== RECORDED DATA

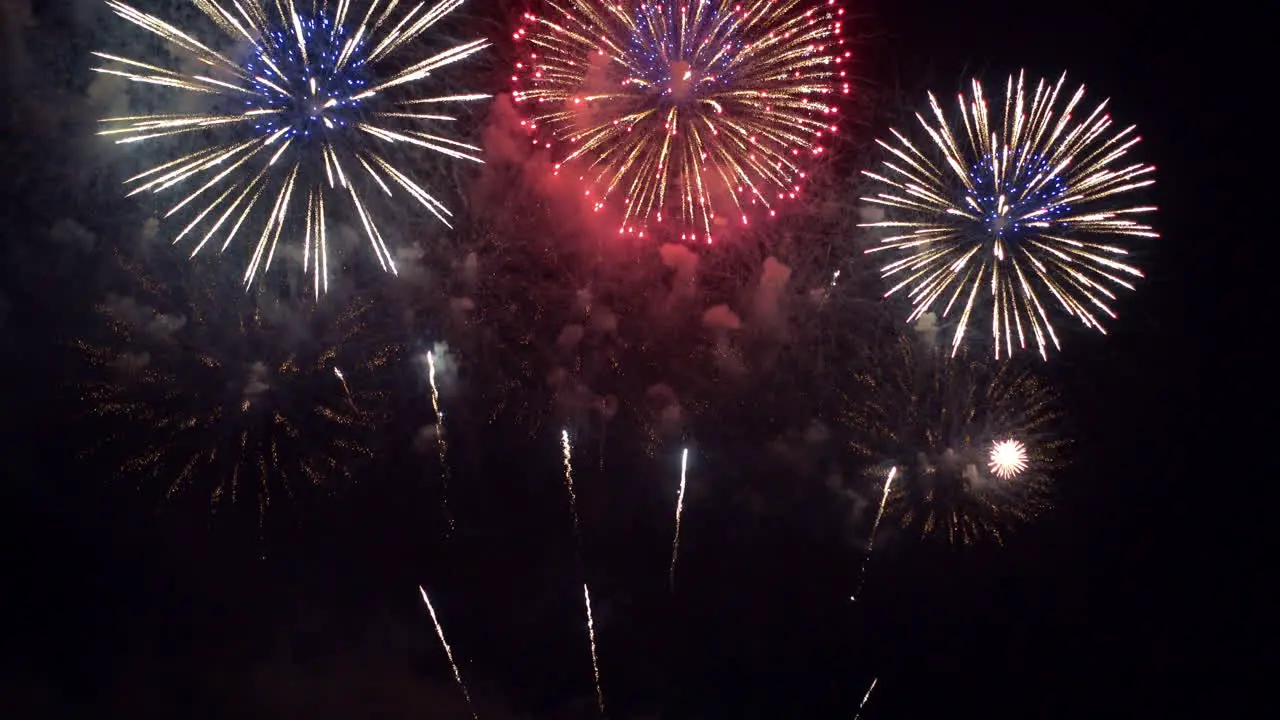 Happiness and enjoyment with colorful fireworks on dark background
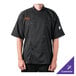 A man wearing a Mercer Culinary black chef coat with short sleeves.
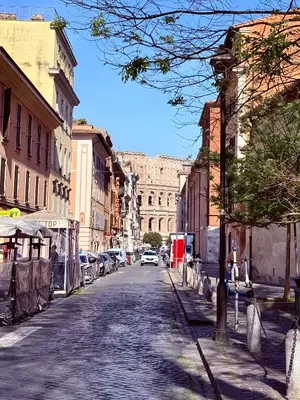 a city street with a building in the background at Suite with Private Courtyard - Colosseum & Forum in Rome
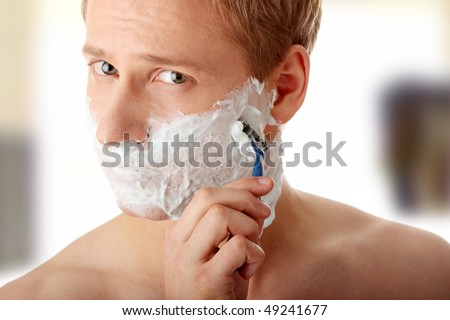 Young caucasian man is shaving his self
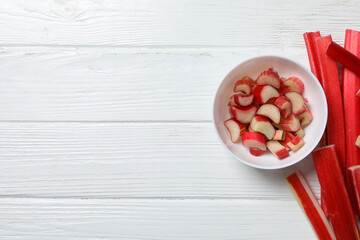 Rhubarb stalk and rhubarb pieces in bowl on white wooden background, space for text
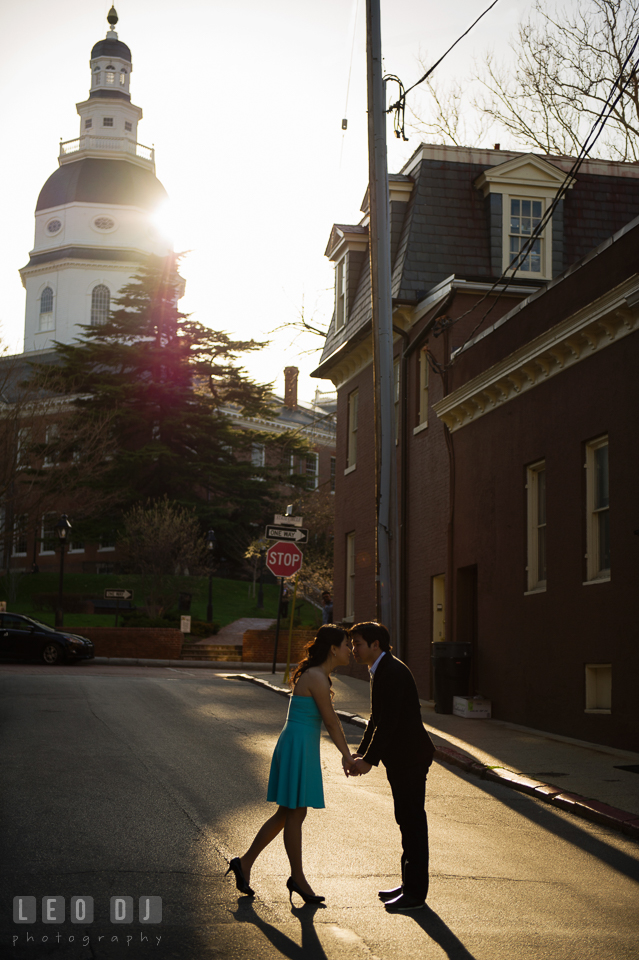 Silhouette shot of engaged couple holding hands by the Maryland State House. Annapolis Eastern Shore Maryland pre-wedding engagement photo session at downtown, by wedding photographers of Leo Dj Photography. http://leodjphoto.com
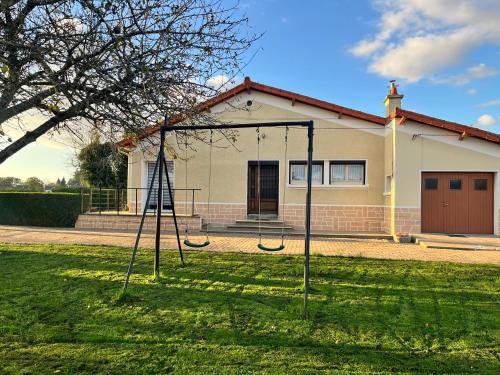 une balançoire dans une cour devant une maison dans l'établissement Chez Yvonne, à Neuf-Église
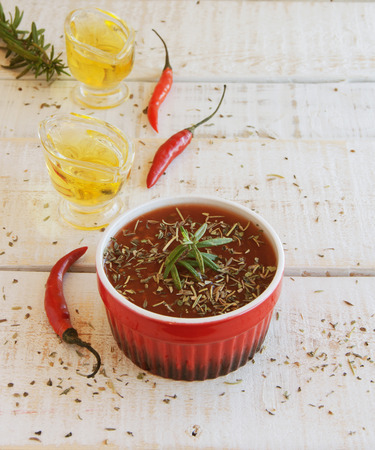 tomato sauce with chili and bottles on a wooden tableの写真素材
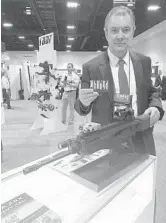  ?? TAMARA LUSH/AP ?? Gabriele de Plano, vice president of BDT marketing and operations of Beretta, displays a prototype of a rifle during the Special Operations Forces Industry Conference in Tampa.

====
== RECORDED DATA

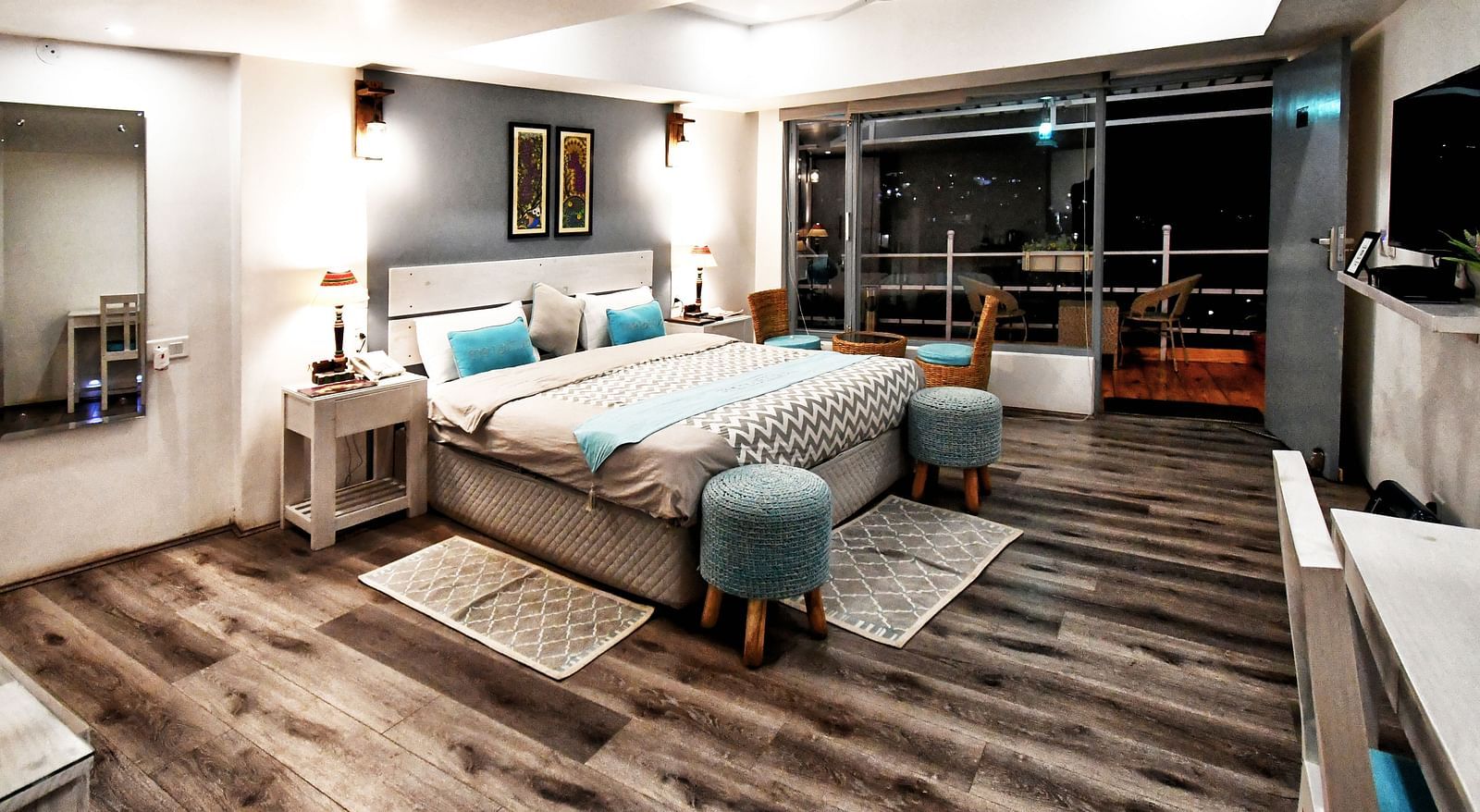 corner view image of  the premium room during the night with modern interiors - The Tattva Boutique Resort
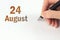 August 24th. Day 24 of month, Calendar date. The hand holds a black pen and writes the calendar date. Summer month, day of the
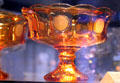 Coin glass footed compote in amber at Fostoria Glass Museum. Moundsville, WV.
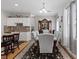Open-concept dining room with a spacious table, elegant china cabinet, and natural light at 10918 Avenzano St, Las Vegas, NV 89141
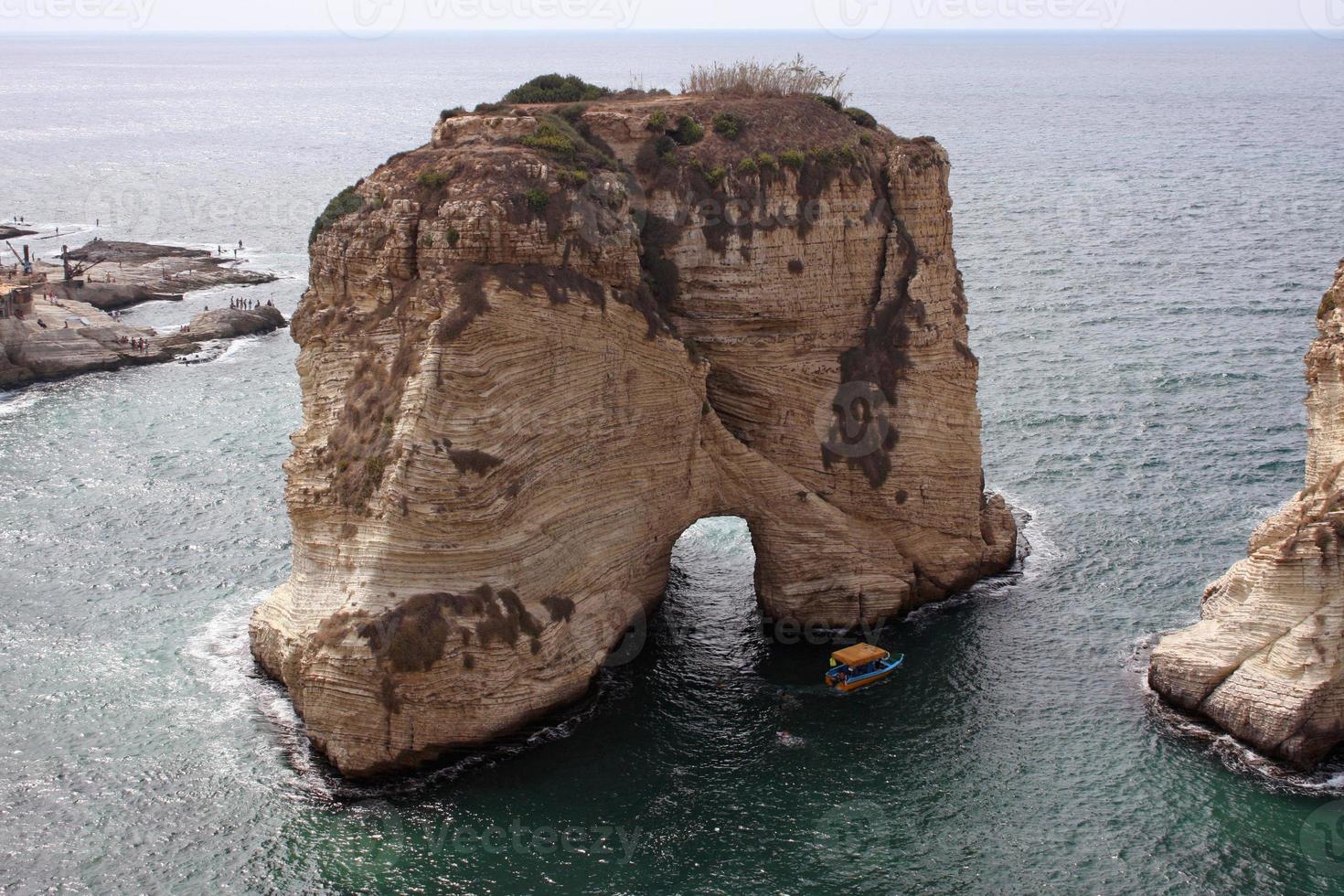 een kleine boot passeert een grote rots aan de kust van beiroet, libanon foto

====

- [WHAT YOU ARE ASKED TO DO]:
Transcribe, from the material above, the stretch starting at the line with "Happiness and enjoyment" and ending at the line with "Rhubarb stalk and", both included, exactly. Do not carry over pictures.

- [SOLUTION]:
 Happiness and enjoyment with colorful fireworks on dark background
 A man wearing a Mercer Culinary black chef coat with short sleeves.
 a city street with a building in the background at Suite with Private Courtyard - Colosseum & Forum in Rome
 Young caucasian man is shaving his self
 Rhubarb stalk and rhubarb pieces in bowl on white wooden background, space for text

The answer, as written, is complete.